Table of contents
Open Table of contents
What is Envoy Proxy?
Envoy is an open-source, high-performance L4/L7 network proxy originally built at Lyft. It sits in the data path between services or external clients, purposefully designed to make the network transparent to cloud-native applications.
It handles:
- Service discovery and load balancing: Routes traffic to healthy backends.
- L7 protocol awareness: Understands HTTP/1.1, HTTP/2, gRPC, and filtering for protocols like MySQL, Postgres, and Redis.
- Deep observability: Emits detailed stats, distributed tracing, and structured access logs out of the box.
- Resilience patterns: Applies rate limiting, retries, timeouts, and circuit breaking natively at the proxy layer.
North-South vs. East-West Traffic
To understand how Envoy is deployed, you first have to understand the two primary patterns of network traffic in modern infrastructure:
North-South Traffic
Traffic that crosses the boundary between external clients (e.g., the Internet) and your internal network.
- Examples: A mobile app calling an API (
api.example.com), a browser loading a web page, or your service calling a 3rd party webhook. - Handled By: Edge Proxies, API Gateways, or Cloud Load Balancers (like AWS ALB).
East-West Traffic
Traffic that stays entirely within your cluster—service-to-service communication.
- Examples: An Order Service calling a Payment Service, or a web worker querying a local Database.

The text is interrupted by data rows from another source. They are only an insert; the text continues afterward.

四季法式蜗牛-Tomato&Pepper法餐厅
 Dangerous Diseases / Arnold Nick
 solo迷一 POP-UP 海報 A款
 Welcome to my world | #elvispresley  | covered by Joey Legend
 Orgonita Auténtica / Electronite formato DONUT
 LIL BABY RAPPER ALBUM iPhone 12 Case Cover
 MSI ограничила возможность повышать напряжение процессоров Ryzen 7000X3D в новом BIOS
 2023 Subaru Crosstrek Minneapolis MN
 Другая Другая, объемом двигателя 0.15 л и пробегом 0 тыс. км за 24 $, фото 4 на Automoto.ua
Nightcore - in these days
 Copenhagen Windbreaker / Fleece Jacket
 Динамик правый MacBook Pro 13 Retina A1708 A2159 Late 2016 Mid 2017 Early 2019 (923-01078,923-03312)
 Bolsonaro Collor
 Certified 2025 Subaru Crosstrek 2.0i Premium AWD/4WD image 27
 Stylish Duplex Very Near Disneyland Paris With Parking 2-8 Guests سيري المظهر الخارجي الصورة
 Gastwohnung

- Handled By: In a microservices architecture, east-west traffic often vastly exceeds north-south traffic. This is where the Sidecar pattern thrives.
Deployment Modes
Envoy is incredibly versatile and typically deployed into these main roles:
1. Front Proxy (Edge Proxy)
In this mode, Envoy acts as an API gateway sitting at the edge, replacing traditional load balancers like Nginx to handle inbound north-south traffic.
Even if your cluster uses sidecars internally, you still need an entry point for external traffic to enter the network. An Edge Envoy handles TLS termination, rate limiting, and routes external traffic to the correct internal service.
2. Sidecar Proxy (Service Mesh)
Traditionally, east-west traffic funneled through a centralized internal Load Balancer. This created a single point of failure, added extra network hops, lack of per-service observability, and created an internal scaling bottleneck.
Envoy solves this using the “sidecar” pattern—distributing load balancing to every single service instance.
In a sidecar setup, Envoy runs in a separate container directly alongside your application container.
- Ratio: There is exactly 1 Envoy sidecar for every 1 service container (e.g., 500 Order Service pods = 500 Envoy sidecars).
- Client interaction: The application simply talks to
localhost. Envoy intercepts the traffic, executes routing/security policies, and sends it directly to the destination service’s proxy. There is no central chokepoint, and the proxy layer scales perfectly with your services.
3. Putting It Together: Production Architecture
Does using deploying a sidecar mesh mean you no longer need load balancers entirely? No. You still need an entry point for your cluster.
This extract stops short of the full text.